Lesson 11: Proc Means and Proc Freq
Summarizing Data with Proc Means
Proc Means can provide some of the same information as proc univariate, but has different output formatting and different options. For relatively simple reporting of summary statistics, proc means provides a more compact output. The example below shows proc means with a by statement and the first section of the output. The function of the by statement is the same as in proc print or proc univariate.
The statistics for the listing are requested as options in the proc statement (see documentation for complete list). Those shown above are printed by default. The next example shows how some others might be requested. And, like proc univariate, proc means produces an output data set. Note that the statistics for the listing and for the output data set need not match.
Proc means allows a shortcut in the output statement if only one statistic is requested and the same variable names as the original variables are desired for the output statistics. This does not work in proc univariate.
Proc means also has a class statement.

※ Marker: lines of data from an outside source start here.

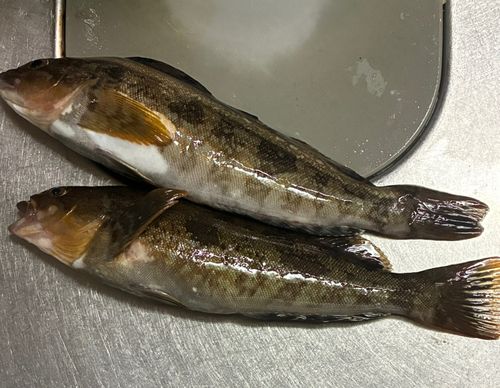 アイナメの釣果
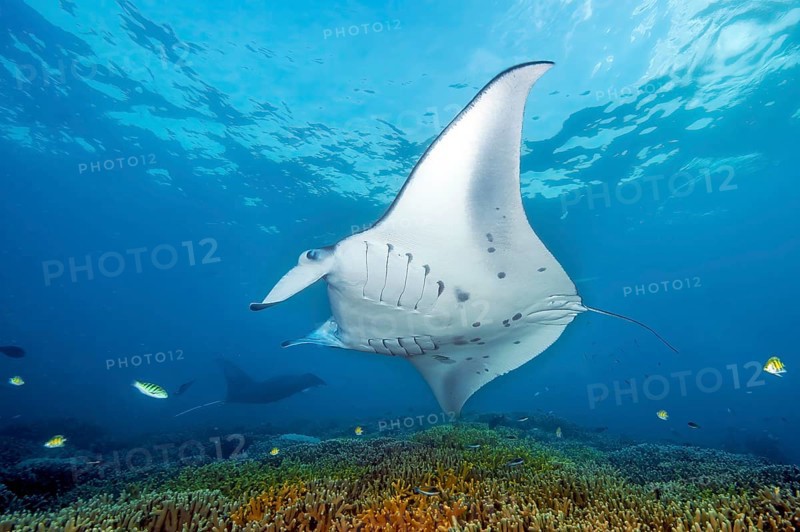 Underwater photo of giant ray manta (Manta alfredi) reef manta popularly devil ray plankton eater swims over shallow coral reef with cleaning station, in the background silhouette of another manta, Pacific Ocean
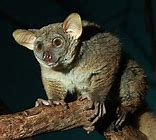 Image result for Galago Matschiei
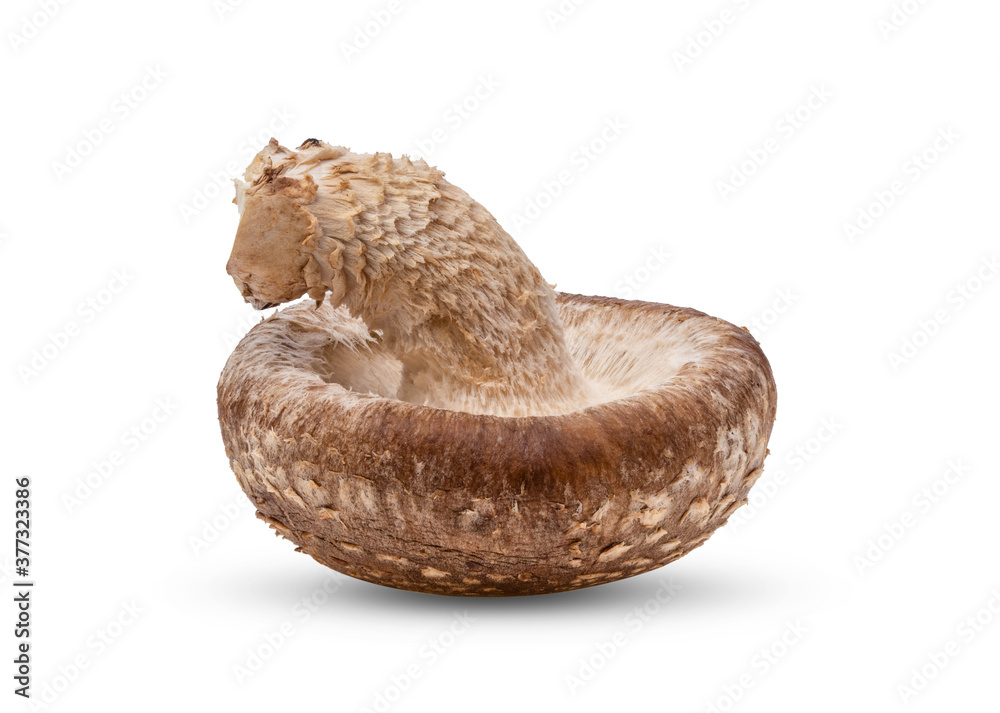 Shiitake mushroom on white background Shiitake mushroom on white background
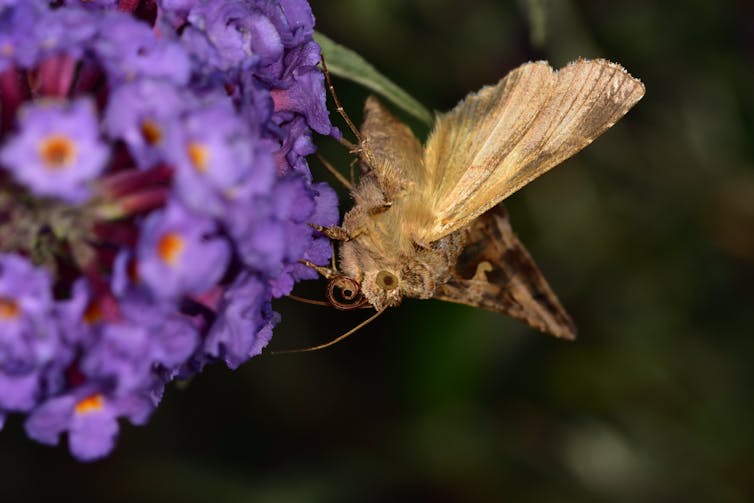 Moth perches on purple flower.
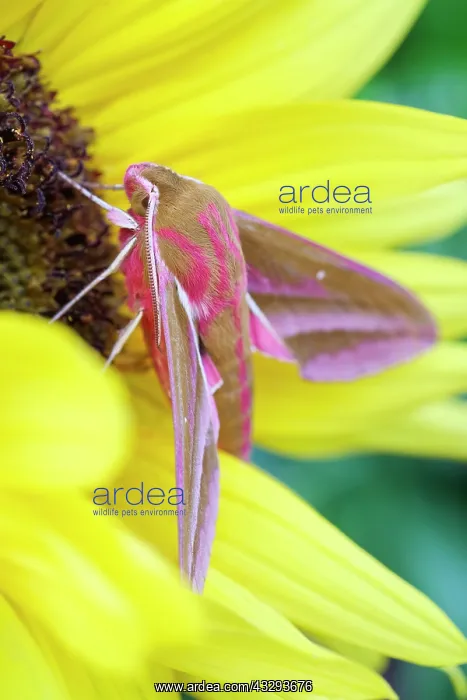 : 80197206 Elephant Hawk Moth - on sunflower Norfolk : 80197206 Elephant Hawk Moth - on sunflower Norfolk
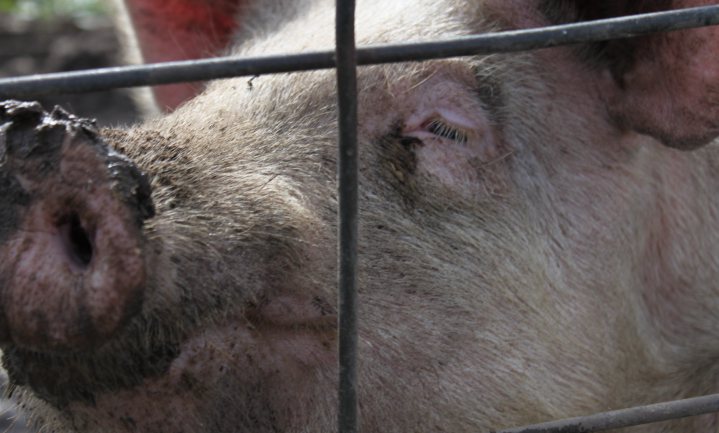 OUP ‘verbiedt’ varkens in kinderboeken uit cultureel respect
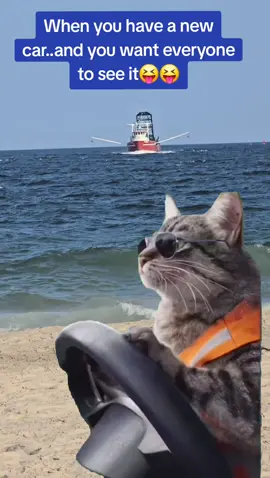 #CapCut 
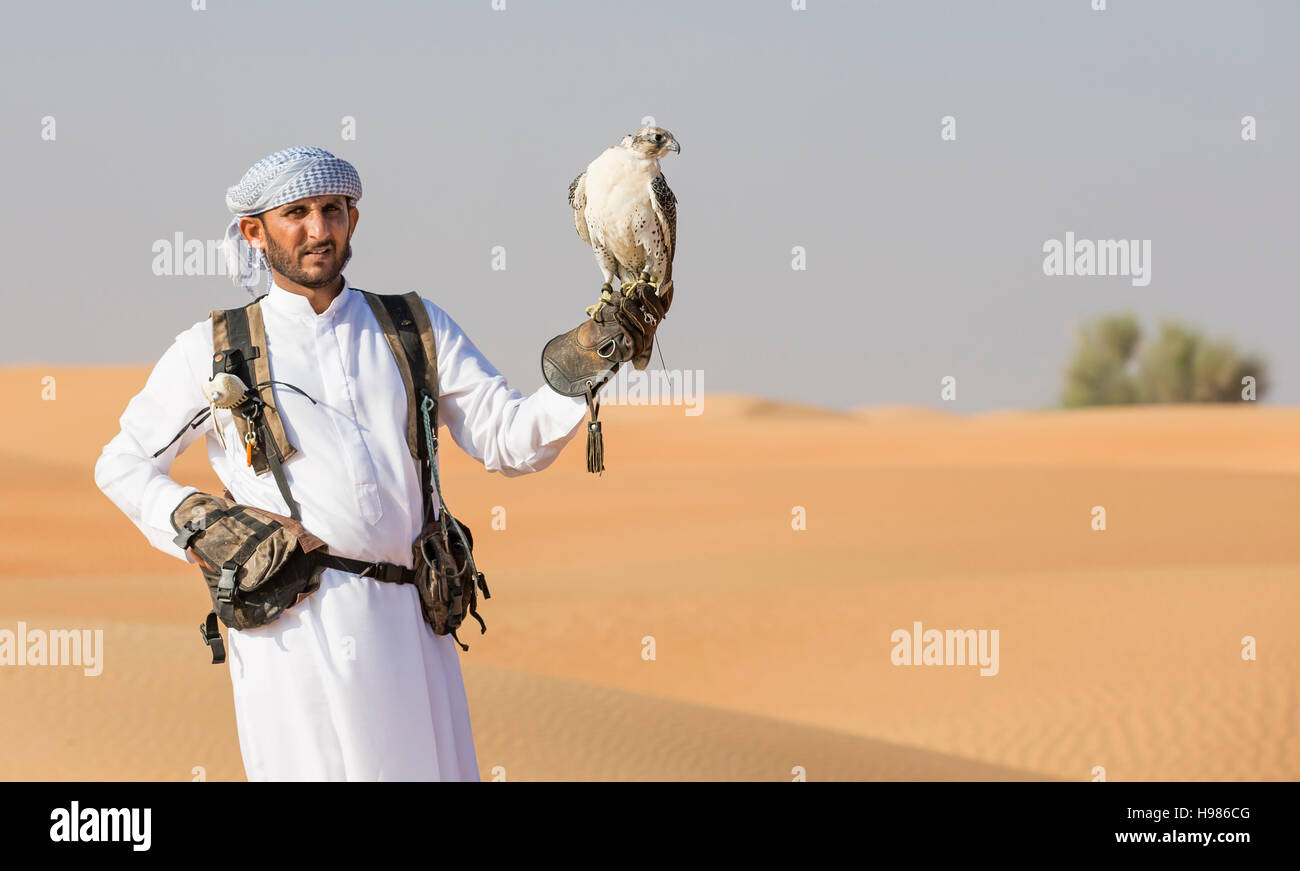 Dubai, Vereinigte Arabische Emirate, 19. November 2016: Ein Falkner in traditioneller Kleidung, Ausbildung ein Wanderfalke (Falco Peregrinus) Stockfoto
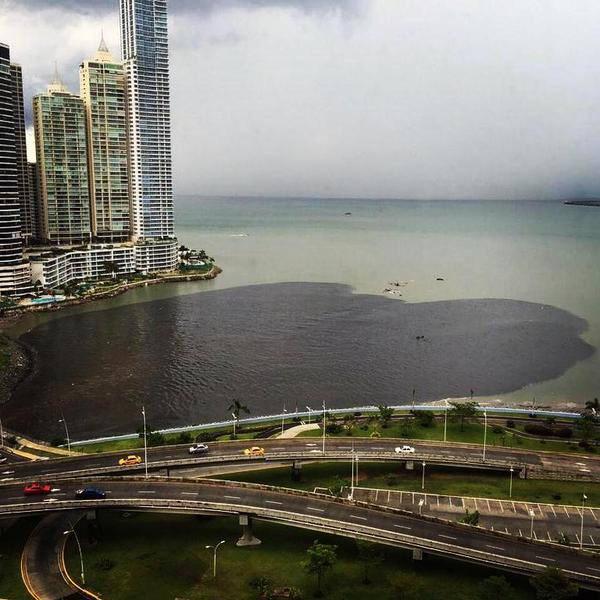 Esto que es? Clase de contaminación. Estimada <a href="/raisabanfield/">Raisa Banfield #PanamáSoberana🇵🇦</a> sabe algo de esto?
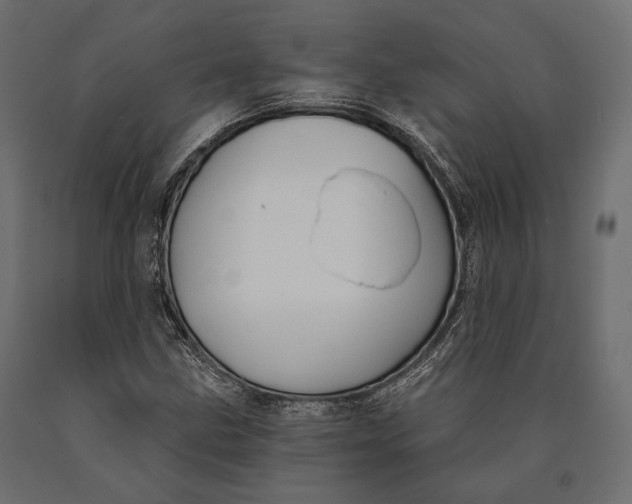 X0000090461211200708031233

This is somewhat like a by statement but the results are grouped together.
If you have more than one class variable, there is also a way to get summarizations at more than level of combinations of classes. This is done with the types statement. The example below gives the overall summary, represented by the empty parentheses, a summary by group, and a summary for each combination of group and x. Only part of the output is shown. In the output window, the different levels are placed into different tables.
When the class and types statements are used together with an output statement, all the different combinations go into the data set. The _type_ variable indicates which level it is, such as overall, where _type_=0, group, where type=2, etc. Here again, we show only part of the output.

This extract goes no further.